Non-Transitive Bradley Terry Models

One thing that has always bugged me about Bradley Terry models is that it doesn’t model rock-paper-scissors.

To recap the Bradley Terry model posits that each entity has a strength \(\gamma_{i}\) and when competing the probability of victory for entity a over entity b is

\[exp(\gamma_{a}) / exp(\gamma_{a}) + exp(\gamma_{b})\]

or to make it clearer logit(γa - γb).

There’s a couple different approaches in the literature. This one augments each entity with a 2d vector vi and defines the probability as

logit(norm(v_b - v_a) - norm(v_a - v_b) + γa - γb)

This vector difference then provides the intransitivity.

I want to do a little better: in particular I’m not a huge fan of this difficult to interpret this difference of norms. You also don’t get a lot of pooling: since you have to fit this vector for each entity you won’t do well with sparse observations.

So what can we do instead? There is a natural clustering suggested by this rock-paper-scissors example so let’s use it. We augment each entity with a latent cluster Zi and a matrix Ac1, c2 of the advantage an entity of class c1 would have over an entity of class c2. Then the probability becomes

logit(AZa, Zb + γa - γb)

This is perhaps equivalent to this paper although I can’t quite tell as it’s confusingly written. I think they additionally put a DP on the γ terms which doesn’t make a ton of sense to me although they justify it by pointing that with match data certain entities are just statistically indistinguishable.]

So let’s now try it on a simulated rock-paper-scissors-like data. First let’s see what a standard Bradley Terry Model performs.

# TOOD: Plot a heatmap of win probabilities for rock-paper-scissors

For a “real” example we can use the Weedle’s cave data set from Kaggle which captures battle outcomes between different pokemon. Now those of you born in the 90s will know¹ that Pokemon have types and these types exhibit rock-paper-scissors like advantages: electric is super effective against water which is super effective against fire and so on.

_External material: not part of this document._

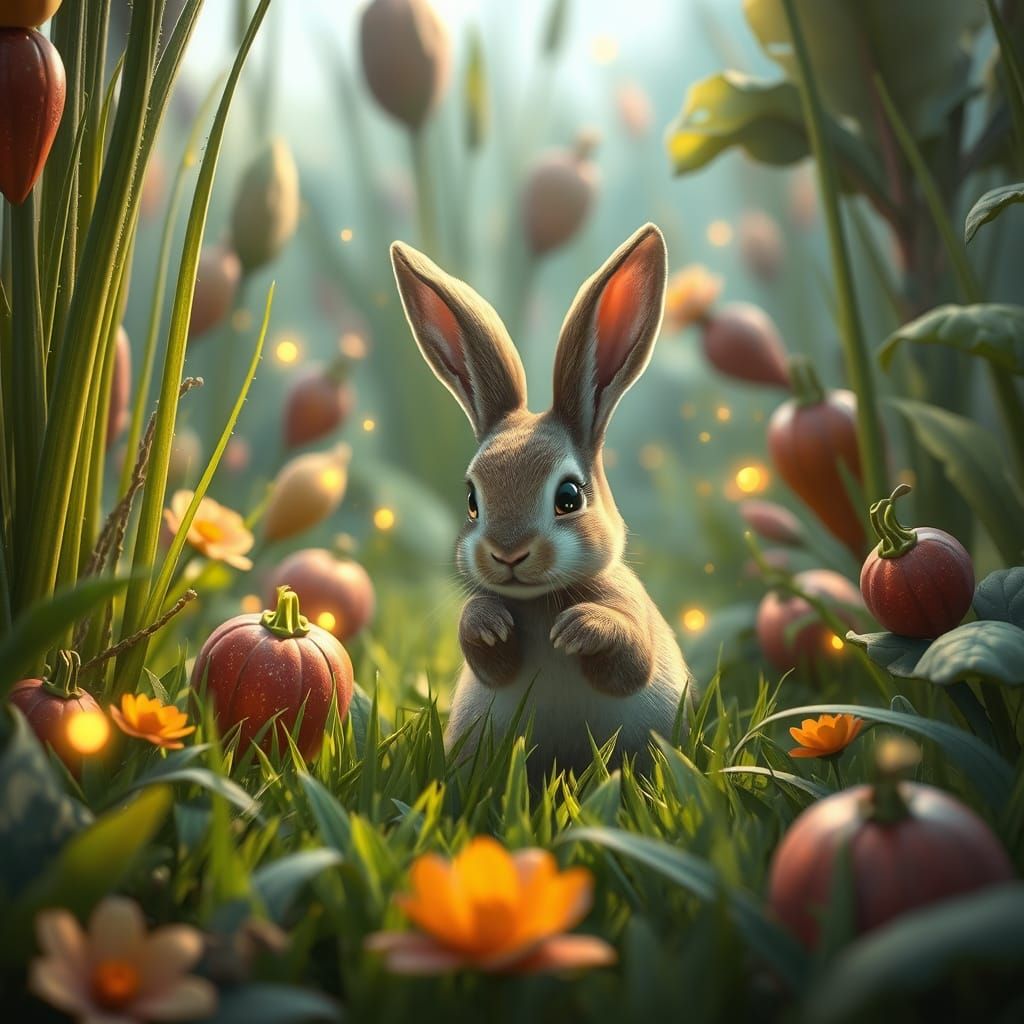 Whimsical Fantasy Rabbit in a Lush Meadow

Data set: https://www.kaggle.com/datasets/terminus7/pokemon-challenge/data

using AlgebraOfGraphics, CairoMakie
using Turing, Turing.RandomMeasures
using DataFrames
using CSV
using MCMCChains

struct MatchData
    lo_ids::Vector{Int}
    hi_ids::Vector{Int}
    lo_wins::Vector{Int}
    matches::Vector{Int}
    n_entities::Int
    n_pairs::Int
end

function simulated_data()
    strengths = [1,1,1,2,2,2,3,3,3]
    class = [1,2,3,1,2,3,1,2,3]

    class_strengths = zeros(3, 3)
    class_strengths[1,2] = 3
    class_strengths[2,1] = -3
    class_strengths[1,3] = -3
    class_strengths[3,1] = 3
    class_strengths[2,3] = 3
    class_strengths[3,2] = -3


    lo_ids = Int[]
    hi_ids = Int[]
    lo_wins = Int[]
    matches = Int[]


    for lo in 1:9, hi in (lo+1):9
        push!(lo_ids, lo)
        push!(hi_ids, hi)

        logit_p = strengths[lo] - strengths[hi] + class_strengths[class[lo], class[hi]]
        p = 1 / (1 + exp(-logit_p))
        push!(matches, 20)
        push!(lo_wins, rand(Binomial(20, p)))
    end

    return MatchData(lo_ids, hi_ids, lo_wins, matches, 9, 9*4)
end

function prep_match_data(df)
    pairs = Dict{Tuple{Int, Int}, Tuple{Int, Int}}()
    for row in eachrow(df)
        lo, hi = minmax(row["First_pokemon"], row["Second_pokemon"])
        lo_wins = lo == row["Winner"]
        if haskey(pairs, (lo, hi))
            pairs[lo, hi] = pairs[lo, hi] .+ (lo_wins, 1)
        else
            pairs[lo, hi] = (lo_wins, 1)
        end
    end

    lo_ids = zeros(Int, length(pairs))
    hi_ids = zeros(Int, length(pairs))
    lo_wins = zeros(Int, length(pairs))
    matches = zeros(Int, length(pairs))

    for (ii, (key, val)) in enumerate(pairs)
        lo_ids[ii] = key[1]
        hi_ids[ii] = key[2]
        lo_wins[ii] = val[1]
        matches[ii] = val[2]
    end

    n_pairs = length(pairs)
    n_entities = maximum(hi_ids)

    return MatchData(lo_ids, hi_ids, lo_wins, matches, n_entities, n_pairs)
end

@model function BradleyTerryDP(match_data)
    # Dirichlet Process for infinite mixture of clusters
    α = 1.0  # Concentration parameter
    rpm = DirichletProcess(α)
    H = Normal(0, 1)  # Base distribution for cluster effects

    n_entities = match_data.n_entities

    # Individual strengths
    # β = tzeros(n_entities)
    β ~ filldist(Normal(0, 1), n_entities)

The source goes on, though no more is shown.